## Exercise aim:
Exactly how many lines of the data below include the string "Gift"? State the number and nothing more.

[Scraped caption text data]
***
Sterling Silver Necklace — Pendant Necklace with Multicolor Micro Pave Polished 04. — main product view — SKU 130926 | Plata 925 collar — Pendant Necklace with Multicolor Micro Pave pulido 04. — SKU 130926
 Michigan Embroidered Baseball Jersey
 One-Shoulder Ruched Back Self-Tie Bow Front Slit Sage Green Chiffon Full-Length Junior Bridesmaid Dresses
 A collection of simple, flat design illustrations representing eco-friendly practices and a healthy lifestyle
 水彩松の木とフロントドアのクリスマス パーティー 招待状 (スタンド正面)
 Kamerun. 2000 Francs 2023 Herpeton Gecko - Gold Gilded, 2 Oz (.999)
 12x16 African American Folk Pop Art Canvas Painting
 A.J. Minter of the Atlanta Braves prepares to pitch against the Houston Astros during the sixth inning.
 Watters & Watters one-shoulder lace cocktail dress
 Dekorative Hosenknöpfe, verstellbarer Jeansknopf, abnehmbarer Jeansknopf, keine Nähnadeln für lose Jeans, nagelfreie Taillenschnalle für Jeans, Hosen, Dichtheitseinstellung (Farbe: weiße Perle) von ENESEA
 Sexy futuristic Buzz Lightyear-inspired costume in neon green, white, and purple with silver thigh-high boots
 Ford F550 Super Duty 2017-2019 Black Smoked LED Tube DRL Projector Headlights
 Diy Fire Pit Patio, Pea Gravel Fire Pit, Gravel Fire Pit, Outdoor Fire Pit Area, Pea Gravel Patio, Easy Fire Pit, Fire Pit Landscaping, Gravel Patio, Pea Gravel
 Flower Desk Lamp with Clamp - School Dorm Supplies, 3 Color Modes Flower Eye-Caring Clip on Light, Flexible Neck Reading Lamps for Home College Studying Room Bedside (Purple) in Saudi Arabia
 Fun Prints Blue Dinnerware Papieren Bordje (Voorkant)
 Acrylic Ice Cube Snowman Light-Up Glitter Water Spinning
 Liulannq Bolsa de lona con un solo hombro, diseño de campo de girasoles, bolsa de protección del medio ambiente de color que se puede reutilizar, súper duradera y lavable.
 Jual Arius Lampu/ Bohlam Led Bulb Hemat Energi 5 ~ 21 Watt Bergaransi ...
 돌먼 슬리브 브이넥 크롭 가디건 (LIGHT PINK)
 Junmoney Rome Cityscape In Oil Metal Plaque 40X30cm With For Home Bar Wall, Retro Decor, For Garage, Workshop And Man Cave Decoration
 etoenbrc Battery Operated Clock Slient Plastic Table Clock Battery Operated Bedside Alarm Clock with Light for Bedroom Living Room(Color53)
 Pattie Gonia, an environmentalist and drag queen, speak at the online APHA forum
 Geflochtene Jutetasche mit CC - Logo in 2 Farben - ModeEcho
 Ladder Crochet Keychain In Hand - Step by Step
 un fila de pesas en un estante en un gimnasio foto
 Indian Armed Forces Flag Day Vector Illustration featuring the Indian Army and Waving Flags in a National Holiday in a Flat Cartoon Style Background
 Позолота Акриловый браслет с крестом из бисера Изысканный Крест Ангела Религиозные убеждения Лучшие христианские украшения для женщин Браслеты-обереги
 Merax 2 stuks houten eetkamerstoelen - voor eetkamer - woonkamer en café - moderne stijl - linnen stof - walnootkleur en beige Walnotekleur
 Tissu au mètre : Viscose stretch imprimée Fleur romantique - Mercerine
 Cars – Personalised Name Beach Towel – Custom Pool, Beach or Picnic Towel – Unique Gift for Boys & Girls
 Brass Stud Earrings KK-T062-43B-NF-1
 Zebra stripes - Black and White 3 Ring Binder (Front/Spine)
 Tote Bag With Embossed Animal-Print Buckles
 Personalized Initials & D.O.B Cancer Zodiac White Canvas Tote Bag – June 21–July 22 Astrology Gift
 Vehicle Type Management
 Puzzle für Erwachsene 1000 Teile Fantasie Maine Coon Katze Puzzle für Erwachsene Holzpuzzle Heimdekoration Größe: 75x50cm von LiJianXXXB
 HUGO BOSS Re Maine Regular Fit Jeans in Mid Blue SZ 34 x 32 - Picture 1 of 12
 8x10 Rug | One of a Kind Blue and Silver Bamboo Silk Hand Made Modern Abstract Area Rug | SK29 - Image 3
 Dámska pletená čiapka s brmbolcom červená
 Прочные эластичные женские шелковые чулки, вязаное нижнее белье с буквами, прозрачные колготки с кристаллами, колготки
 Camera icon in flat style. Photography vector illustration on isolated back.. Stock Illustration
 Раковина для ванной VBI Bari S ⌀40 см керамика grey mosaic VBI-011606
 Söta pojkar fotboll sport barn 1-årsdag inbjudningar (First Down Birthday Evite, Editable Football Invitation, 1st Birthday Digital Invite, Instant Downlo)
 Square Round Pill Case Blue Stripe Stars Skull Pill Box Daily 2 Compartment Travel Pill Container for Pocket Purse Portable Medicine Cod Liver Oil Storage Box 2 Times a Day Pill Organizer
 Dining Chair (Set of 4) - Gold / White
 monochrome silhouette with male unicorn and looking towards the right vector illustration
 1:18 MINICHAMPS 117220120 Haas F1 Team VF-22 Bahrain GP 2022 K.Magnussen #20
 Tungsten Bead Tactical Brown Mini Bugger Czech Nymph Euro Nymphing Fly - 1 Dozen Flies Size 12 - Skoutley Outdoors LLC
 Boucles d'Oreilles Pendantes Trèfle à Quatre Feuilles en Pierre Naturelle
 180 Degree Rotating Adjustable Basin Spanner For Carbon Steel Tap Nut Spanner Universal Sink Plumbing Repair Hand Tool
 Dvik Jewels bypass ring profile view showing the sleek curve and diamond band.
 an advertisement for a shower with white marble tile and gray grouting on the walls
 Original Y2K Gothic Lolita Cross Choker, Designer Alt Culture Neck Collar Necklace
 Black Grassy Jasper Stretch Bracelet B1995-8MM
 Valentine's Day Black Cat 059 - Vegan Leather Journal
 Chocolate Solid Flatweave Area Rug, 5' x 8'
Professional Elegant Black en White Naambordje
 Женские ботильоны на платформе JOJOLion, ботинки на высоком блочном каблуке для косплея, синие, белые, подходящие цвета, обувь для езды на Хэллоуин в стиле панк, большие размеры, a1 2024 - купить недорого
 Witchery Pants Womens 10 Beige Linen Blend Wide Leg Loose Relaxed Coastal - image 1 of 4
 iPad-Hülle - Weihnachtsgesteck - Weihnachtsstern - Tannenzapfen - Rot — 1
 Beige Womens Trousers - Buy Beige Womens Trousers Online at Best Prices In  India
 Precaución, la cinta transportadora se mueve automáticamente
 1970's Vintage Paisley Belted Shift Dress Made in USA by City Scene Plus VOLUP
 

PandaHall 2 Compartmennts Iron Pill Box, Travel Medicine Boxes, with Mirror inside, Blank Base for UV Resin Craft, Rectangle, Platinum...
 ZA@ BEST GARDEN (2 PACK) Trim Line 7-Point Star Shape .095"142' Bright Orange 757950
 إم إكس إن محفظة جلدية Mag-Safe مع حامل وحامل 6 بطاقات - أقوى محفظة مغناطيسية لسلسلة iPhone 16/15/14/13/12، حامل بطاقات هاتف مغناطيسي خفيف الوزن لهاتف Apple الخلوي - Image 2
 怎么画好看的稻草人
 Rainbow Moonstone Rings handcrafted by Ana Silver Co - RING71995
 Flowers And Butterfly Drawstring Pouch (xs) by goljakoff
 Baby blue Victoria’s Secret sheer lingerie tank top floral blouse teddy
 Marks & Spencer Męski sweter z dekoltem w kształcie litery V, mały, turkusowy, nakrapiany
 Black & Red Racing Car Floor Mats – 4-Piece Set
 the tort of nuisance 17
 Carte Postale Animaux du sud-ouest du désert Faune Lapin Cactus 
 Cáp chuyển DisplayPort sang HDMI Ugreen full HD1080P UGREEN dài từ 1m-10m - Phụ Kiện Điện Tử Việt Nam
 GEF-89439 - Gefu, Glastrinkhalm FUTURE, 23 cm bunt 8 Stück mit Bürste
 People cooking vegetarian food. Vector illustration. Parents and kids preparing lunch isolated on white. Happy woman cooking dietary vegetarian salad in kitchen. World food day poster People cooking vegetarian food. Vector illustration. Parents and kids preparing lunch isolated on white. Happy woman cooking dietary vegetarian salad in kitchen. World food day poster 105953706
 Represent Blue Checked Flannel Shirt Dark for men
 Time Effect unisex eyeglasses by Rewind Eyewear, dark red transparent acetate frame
***
## Answer to this problem:
2